== Work instructions ==
Only the lines from the one containing "Neighborhood View from" through the end of the entries are to be copied, exactly and without pictures, please.

== Input data ==
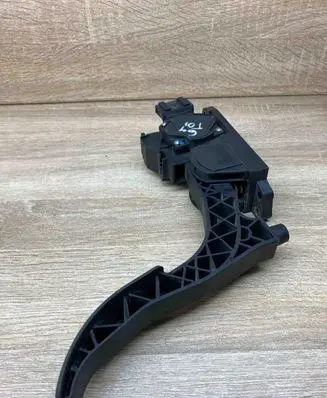 Volkswagen Golf IV Accelerator throttle pedal 1J1721503K 281002342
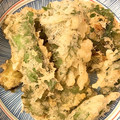 maijiro's cooksnap of when they made 巻いて揚げるだけ青じそと納豆の天ぷら.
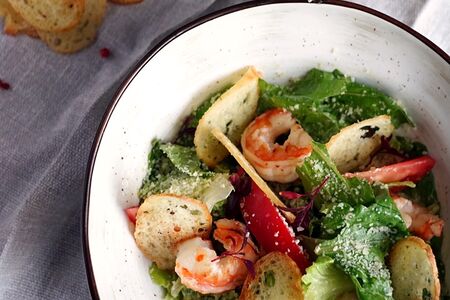 Салат Цезарь с креветками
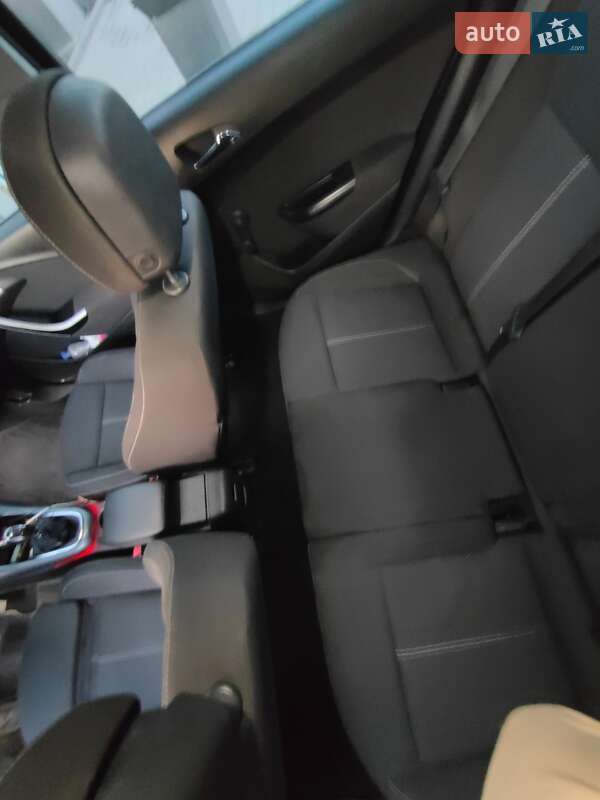 Универсал Opel Astra 2012 в Дрогобыче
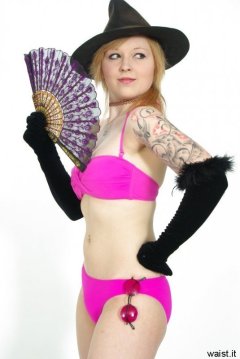 Photo from Miss Cristal Marie's first retro-fitness pin-up shoot, 2013-05-18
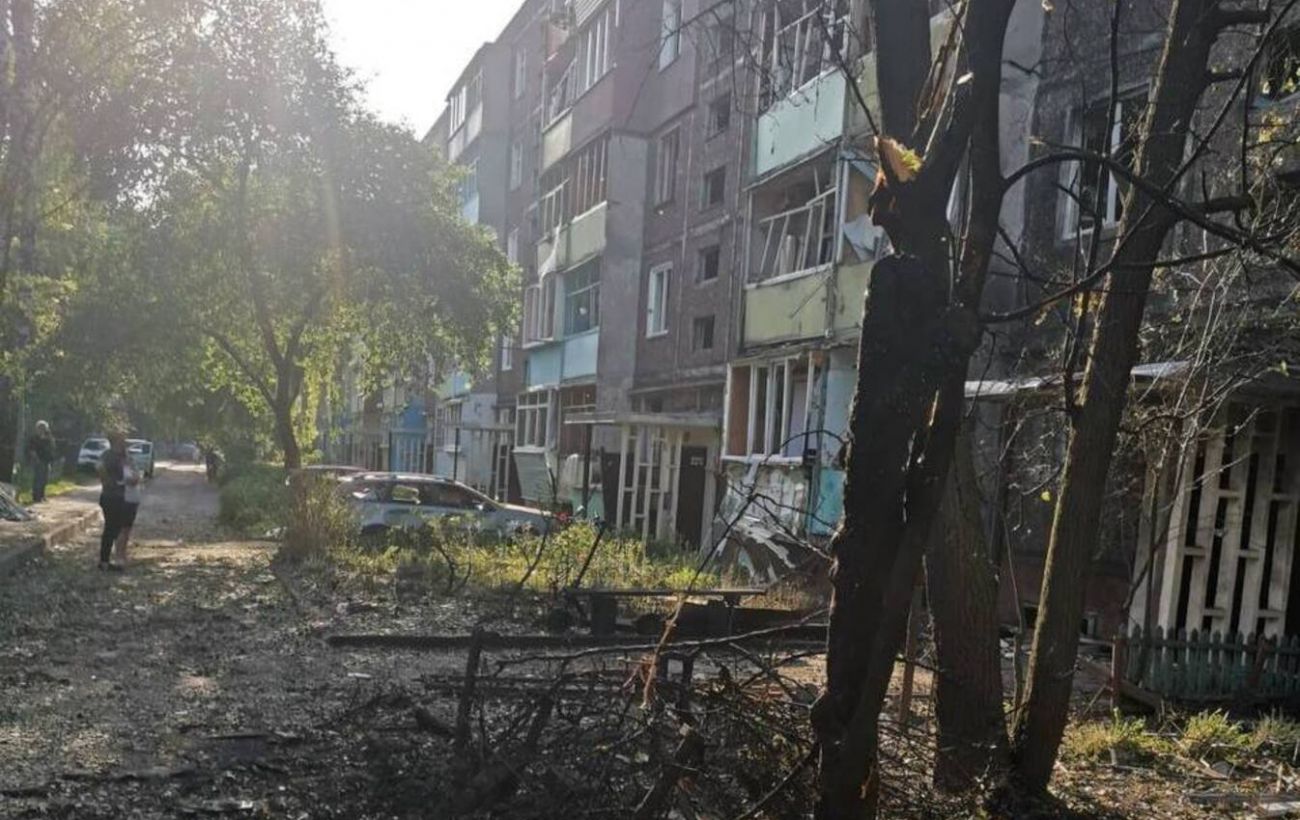 Обстріл Чернігова: у місті є постраждалі, з'явились фото руйнувань, перші подробиці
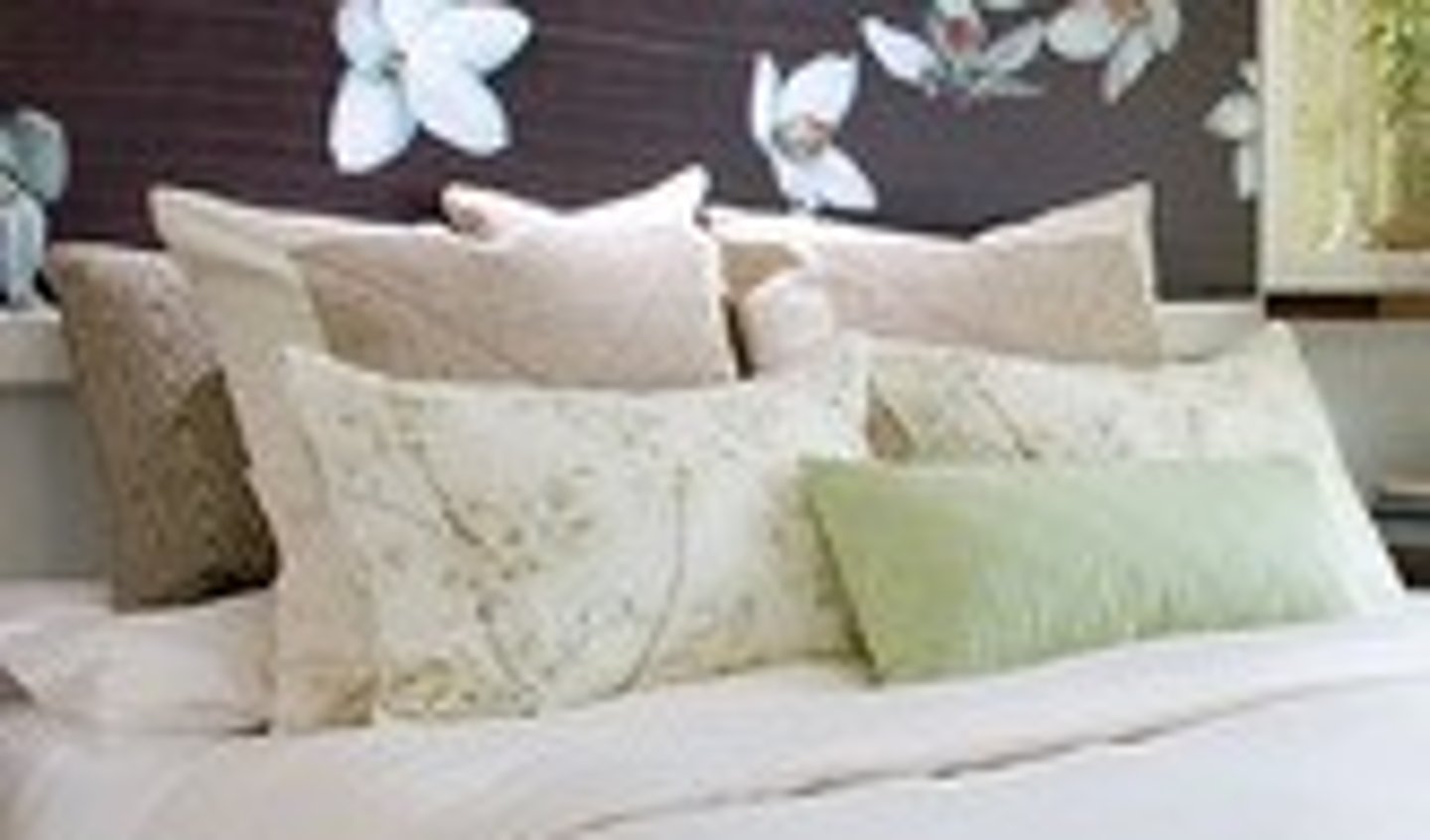 <p>まくら - gối - CHẨM, CHẤM</p>
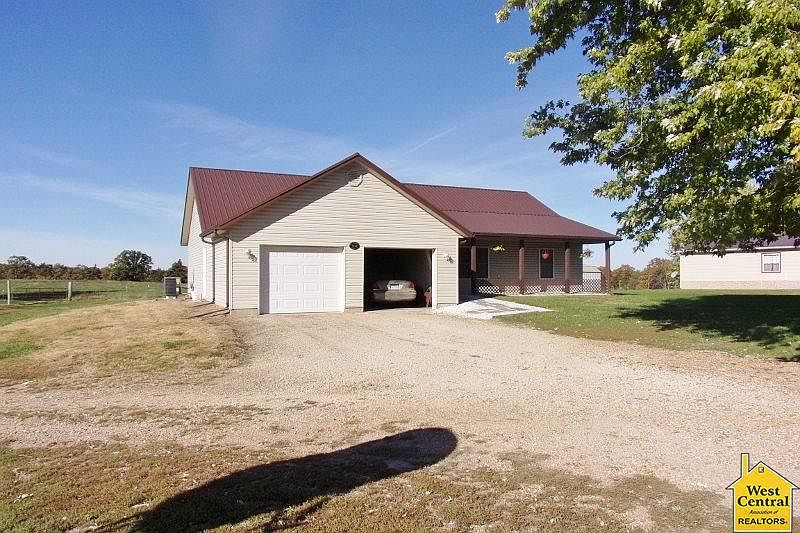 1st image of 8834 Chester Dr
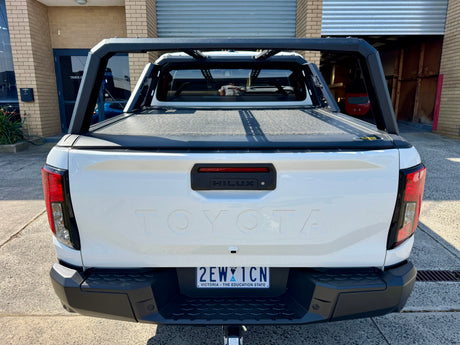 Universal Roll Bar with Multifunction Ladder Rack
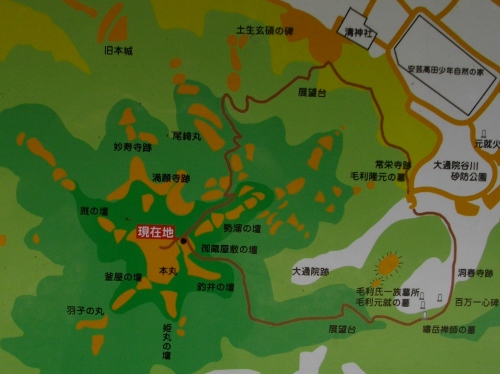吉田郡山城城郭図 (2) (500x374).jpg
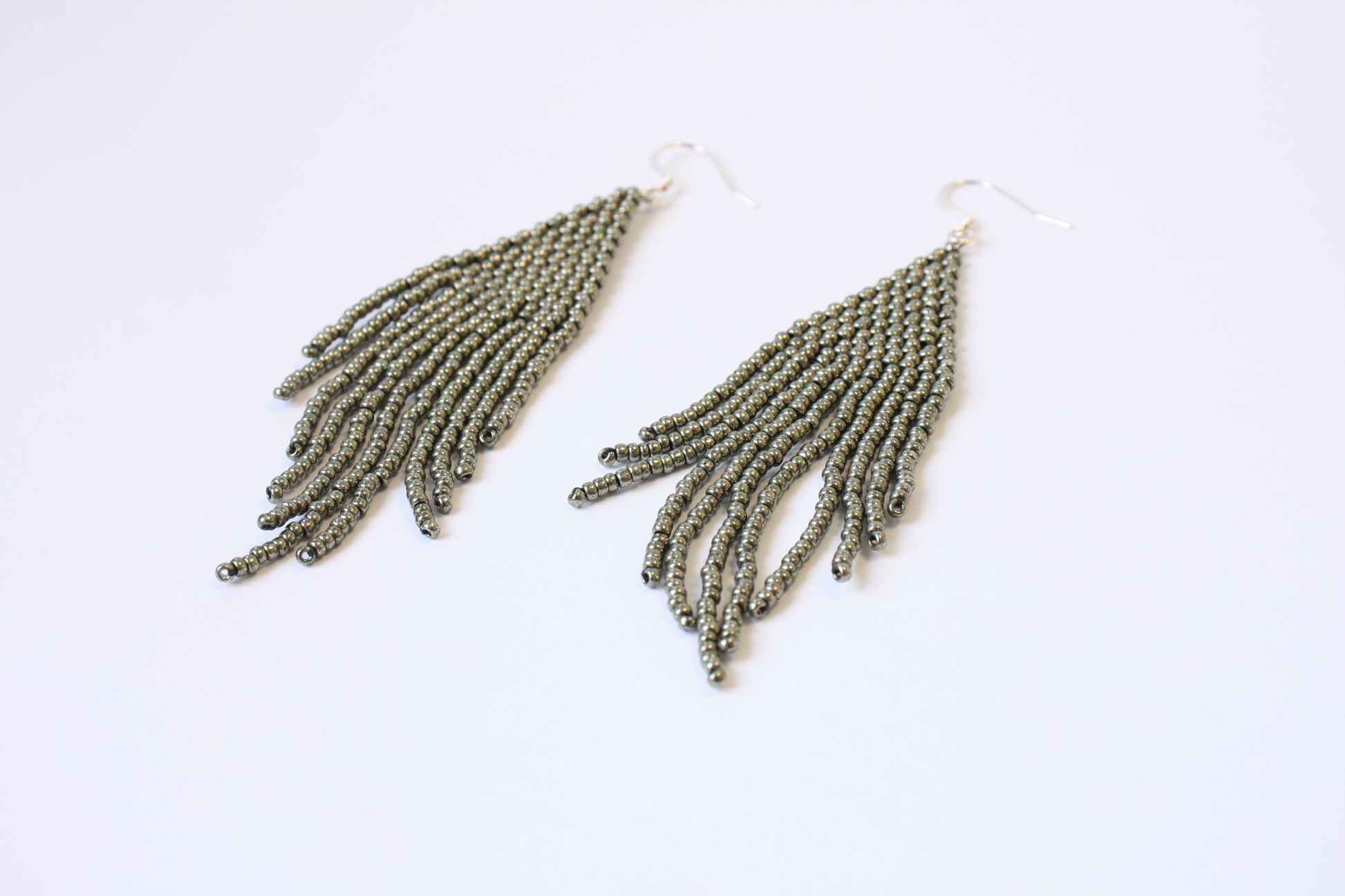Seed bead fringe earrings metallic grey. Roikkuvat helmikorvakorut hapsuilla värinä metallin harmaa. 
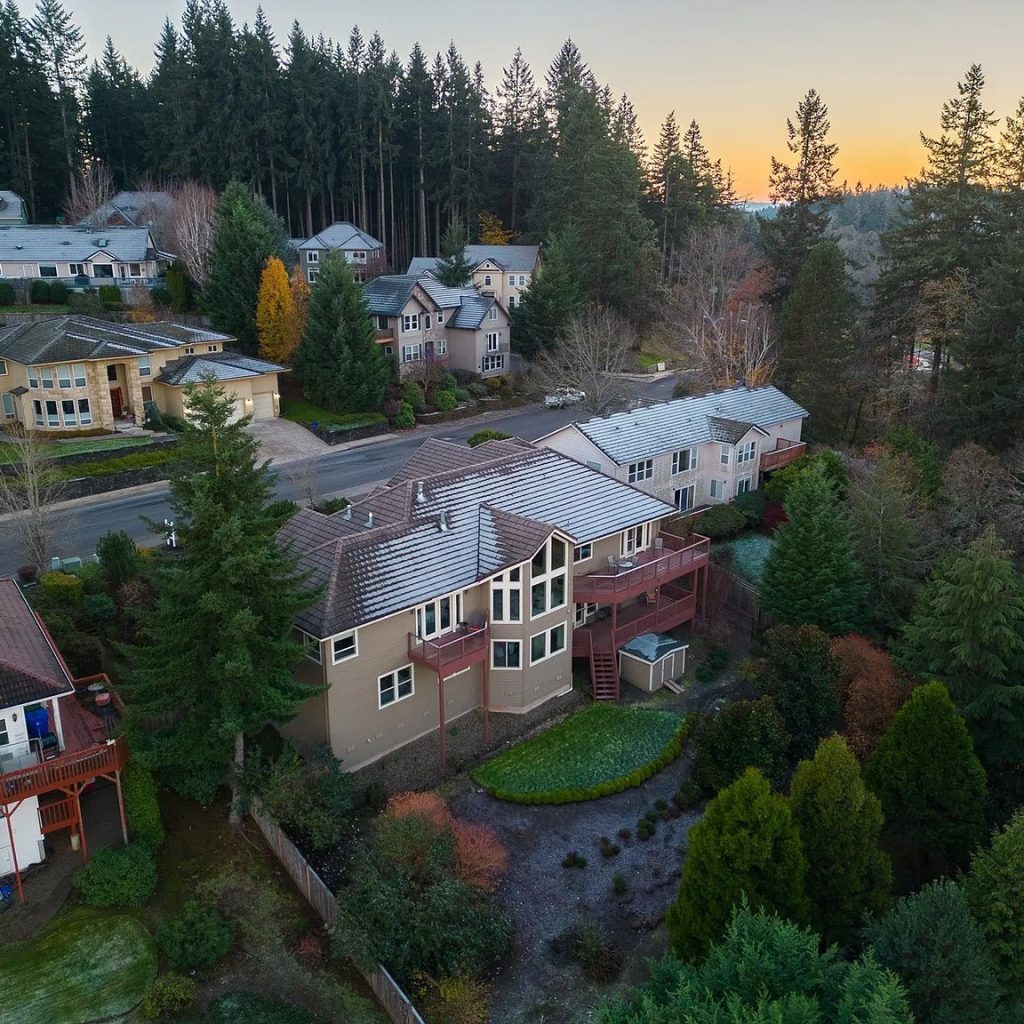 Neighborhood View from Dan Lanning's Former OR Home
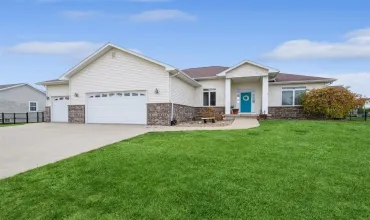 87 Cardinal, Atkins, Iowa 52206, 5 Bedrooms Bedrooms, ,3 BathroomsBathrooms,Residential,For Sale,Cardinal,2407723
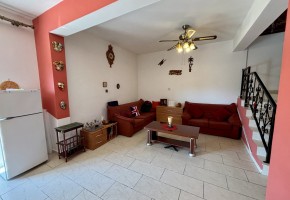 Detached Villa For Sale in Universal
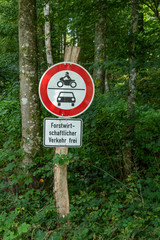 Forstwirtschaftlicher Verkehr frei / Waldweg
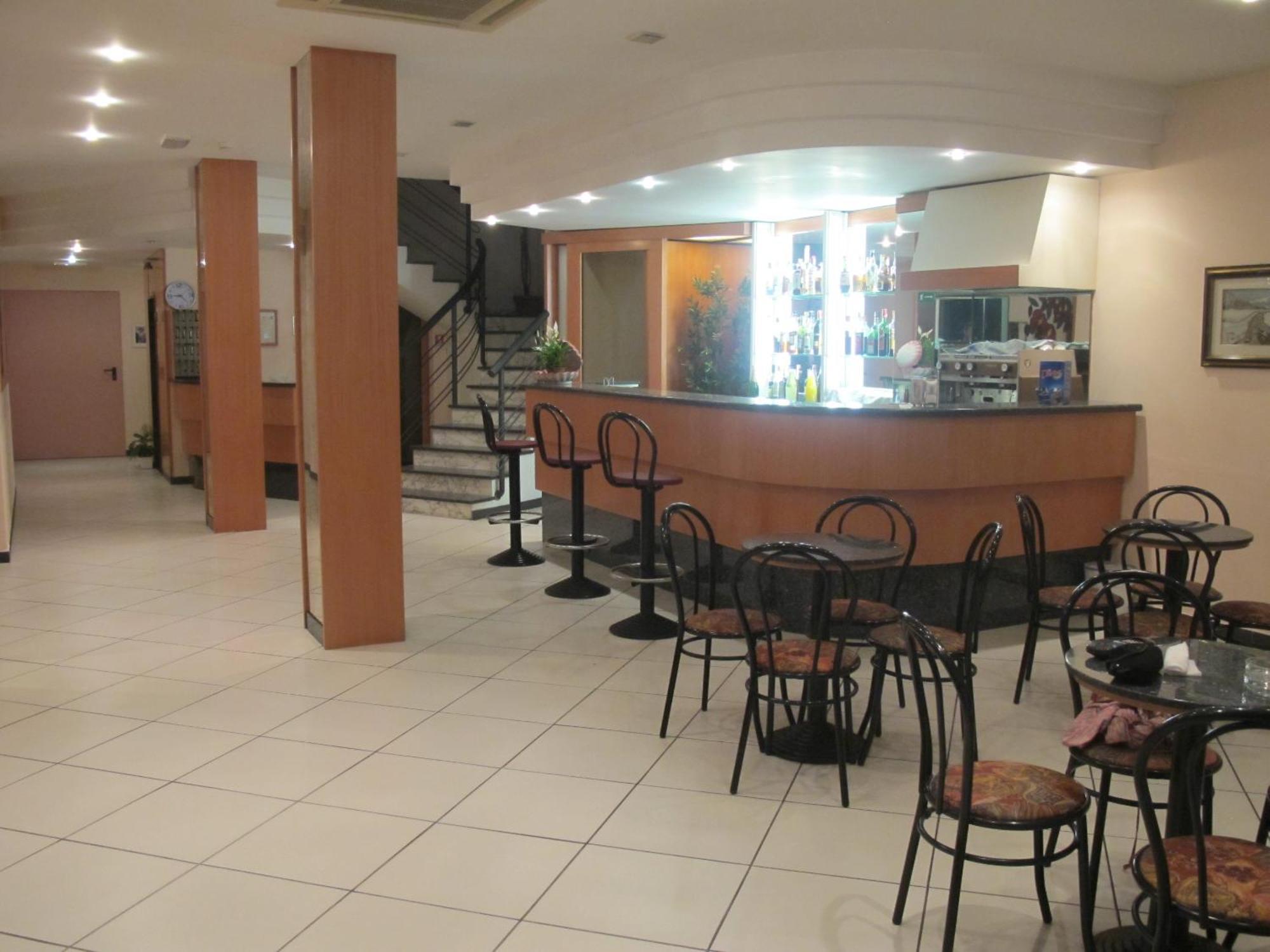 Hotel Basilea 벨레지아아지마리나 외부 사진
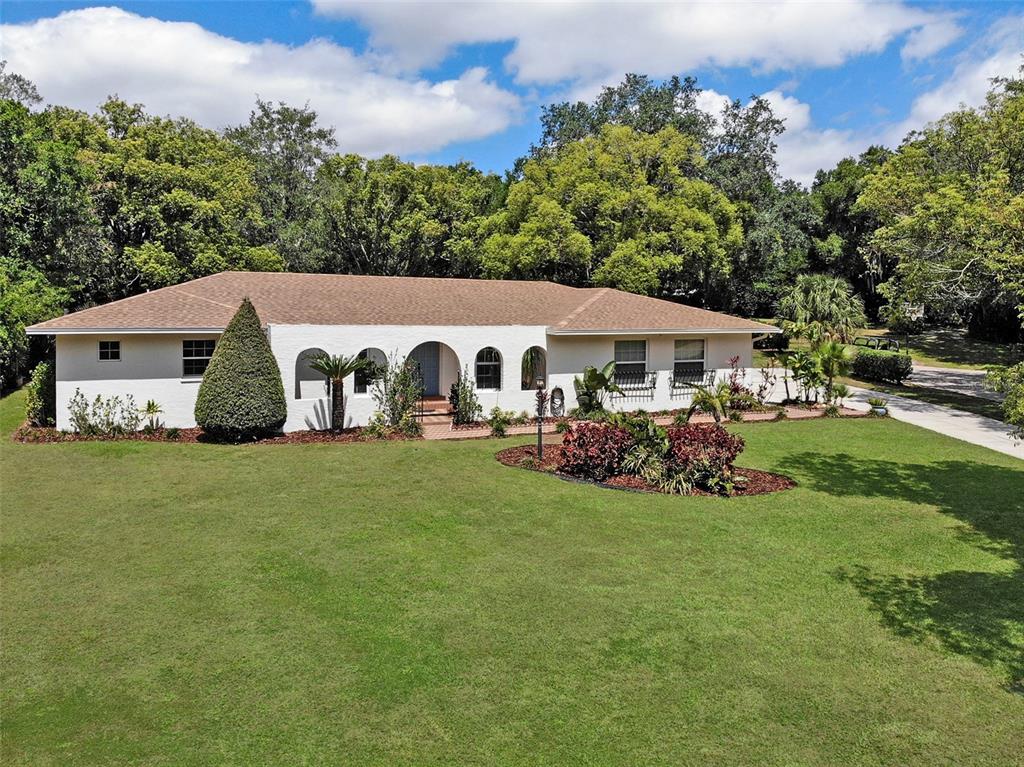 a view of a house with backyard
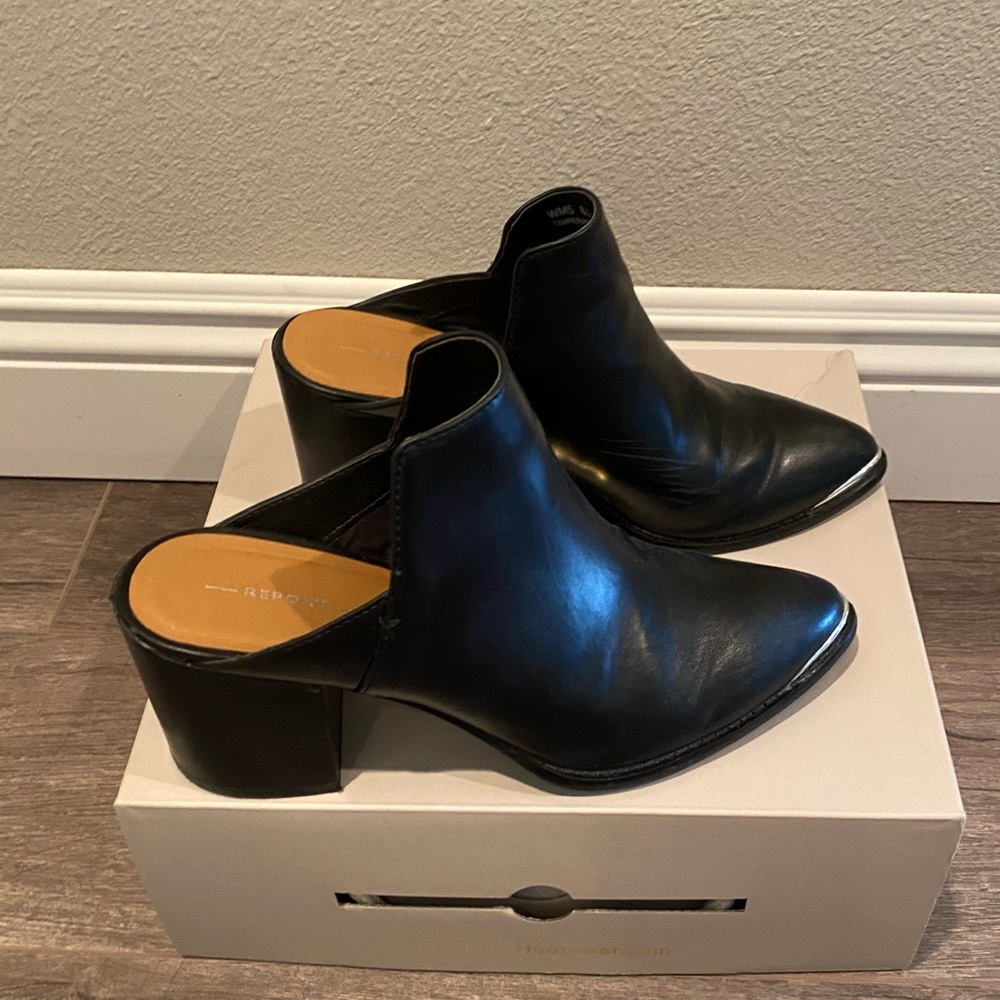 Report black heel mule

== Response ==
 Neighborhood View from Dan Lanning's Former OR Home
 87 Cardinal, Atkins, Iowa 52206, 5 Bedrooms Bedrooms, ,3 BathroomsBathrooms,Residential,For Sale,Cardinal,2407723
 Detached Villa For Sale in Universal
 Forstwirtschaftlicher Verkehr frei / Waldweg
 Hotel Basilea 벨레지아아지마리나 외부 사진
 a view of a house with backyard
 Report black heel mule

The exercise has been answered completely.